La tragedia abruzzese non ha fatto eccezione. Ed il dolore che avrebbe dovuto alzare il tasso di pudore ha finito, al contrario, per trasformare ognuno, nel chiuso del suo condominio, in comandante in capo di immaginifiche forze speciali. Sia chiaro: un’opinione è lecito – anzi doveroso – averla ed anche difenderla. Dei guasti nella catena di comando e della macchina dei soccorsi si è parlato a lungo, individuando criticità che non hanno bisogno di processi penali per essere acclarate. Ma come spinti dall’ineluttabile forza del destino, si è arrivati a recitare il mantra della perfezione: cose del genere non dovrebbero succedere. Non devono accadere perchè siamo nel 2017 e la tecnologia ha fatto passi da gigante. Perchè paghiamo le tasse che i politici della casta sperperano, siamo generosi coi nostri sms da due euro l’uno che poi le banche tengono fermi nei loro forzieri. Perchè viviamo in un Paese in cui si trovano i miliardi per salvare le banche e non i terremotati, perchè in definitiva lo Stato abbandona la gente.
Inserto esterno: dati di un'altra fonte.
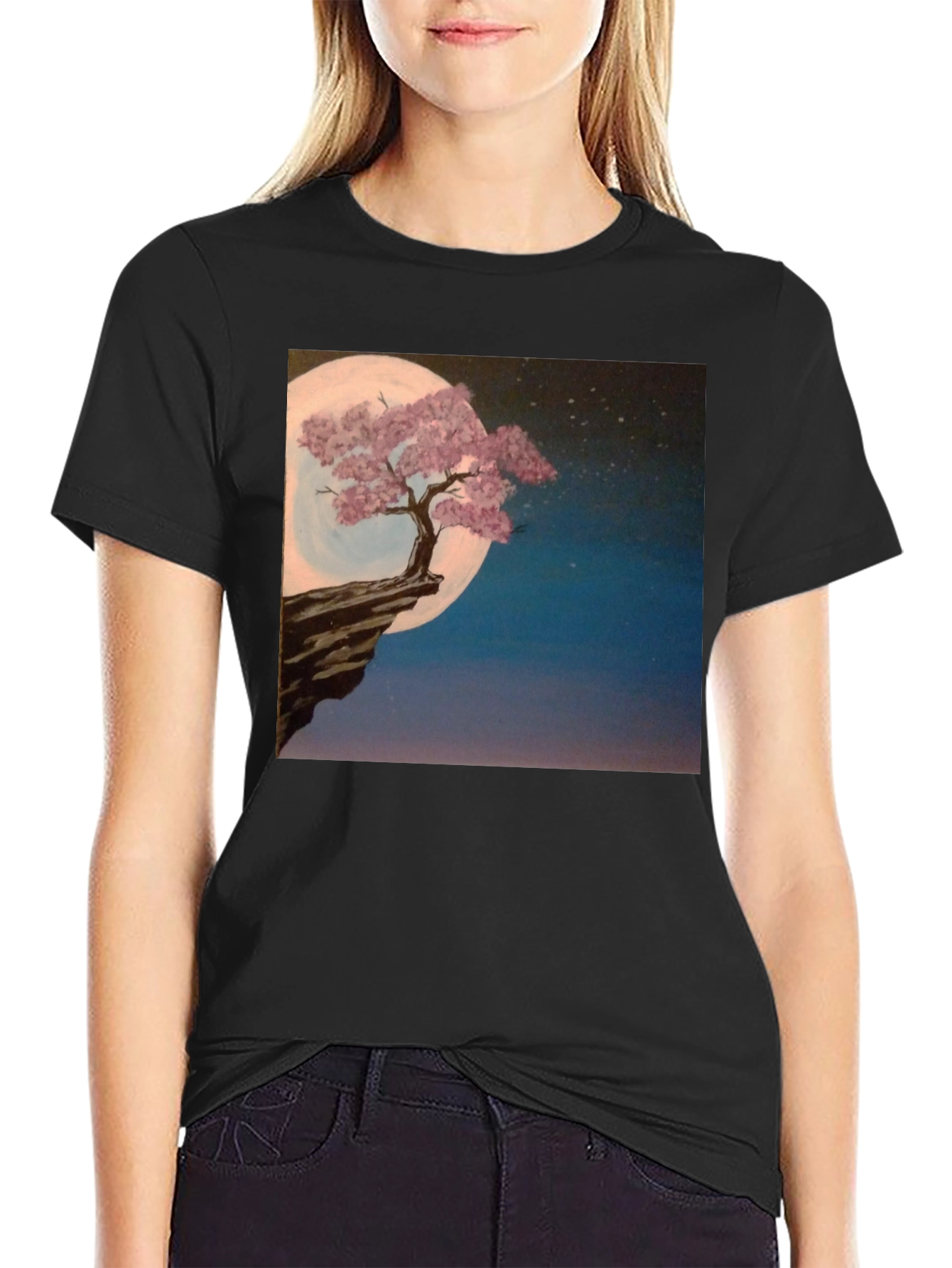 Moonlit Tree Graphic Tee - Black Cotton Blend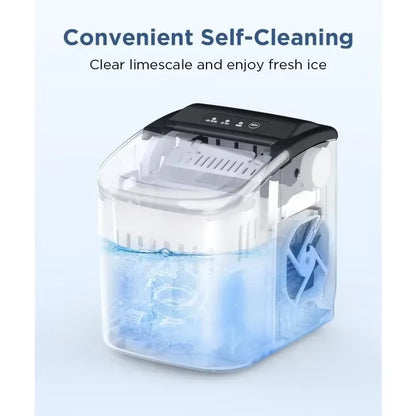 Ice Maker Countertop, Portable Machine with Self-Cleaning, 26.5Lbs/24Hrs, 9 Bullet Ice Cubes in 6 Mins, Basket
Queste le tesi – le principali e più diffuse – ascoltate nel corso della settimana. Non importa – non in questa sede – appurarne la veridicità. E’ probabilmente più interessante definire i contorni di quella convinzione che, sul fondo, si scorge granitica: non è accettabile che qualcosa vada storto. Al contrario, tutto deve funzionare alla perfezione e nessuno deve e può morire per negligenze o errori altrui. Fosse così, il mondo sarebbe già da tempo un deserto inabitato, dal momento che dove è l’uomo v’è l’imperfezione ad esso congenita. Ma è anche un altro, diverso tema ad affacciarsi: quando si opina che sbavature non sono ammesse (e magari si additano ad esempio altre nazioni dove poi capita di veder fare anche di peggio che in Italia) lo si fa sulla base di un ragionamento molto più articolato. Lo stesso che negli ultimi decenni ha portato a ritenere l’uomo capace di dominare il fato e, di conseguenza, di domare la natura. In una parola, di essere arbitro e signore dell’universo.
Secondo questa logica, è evidente e condivisibile l’assunto per cui, se tutto può essere previsto, nulla può andar male. Non c’è spazio, in un mondo così disegnato, per l’imponderabile. Per cui, quale applicazione pratica del principio teorico descritto, non è neppure anche solo concepibile che una valanga alimentata da nevicate mai viste ed innescata da ripetute scosse di terremoto possa cadere a valle e trascinare dietro di sé ogni cosa ogni vita incontrata sulla propria strada. E quand’anche ciò dovesse avvenire, non è ammissibile che non si riesca a tirar fuori, nel giro di poche ore, feriti e sopravvissuti.
Non è così, semplicemente perchè così non può essere. Se a Rigopiano qualcuno ha sbagliato dovrà pagare. E non dovranno essere praticati sconti o trattamenti di favore, come tante, troppe volte è già avvenuto nella storia patria. Lo si deve alle famiglie dei superstiti e di chi non ce l’ha fatta, lo impone l’etica di una Repubblica che se ha ancora un briciolo di dignità non deve far torto ai suoi figli. Ma dalle montagne d’Abruzzo arriva un monito da tenere a mente, che è poi quello che per qualche minuto ci ha restituiti alla nostra umanità, portandoci fino alle lacrime di fronte ai volti di quei bimbi spaventati, tirati fuori dopo due giorni dalle loro prigioni di ghiaccio dalle mani forti di gente caparbia: Vigili del Fuoco, militari della Guardia di Finanza, poliziotti e Carabinieri, volontari e tecnici della Protezione civile. Gente in grand parte con stipendi da 1.500 euro al mese, anche meno, che non s’è tirata indietro quando s’è trattato di andare oltre i limiti del proprio dovere e di vestire i panni dell’eroe.
«Sventurato quel popolo che ha bisogno di eroi», fa dire Brecht al suo “Galileo”, con parole divenute ormai famose ed impresse finanche sugli incarti dei baci di cioccolata. Sbagliava: fortunato quel popolo che sugli eroi può contare. Perchè niente e nessuno è infallibile al mondo, e quando qualcosa va storto è sempre meglio averlo, un qualche eroe capace di far miracoli. Come a Città del Messico nel ’70, con Gianni Rivera salvatore della patria calcistica. Come ed ancor più a Rigopiano, con gli angeli della neve orgoglio d’un’Italia incapace d’essere fiera di se stessa.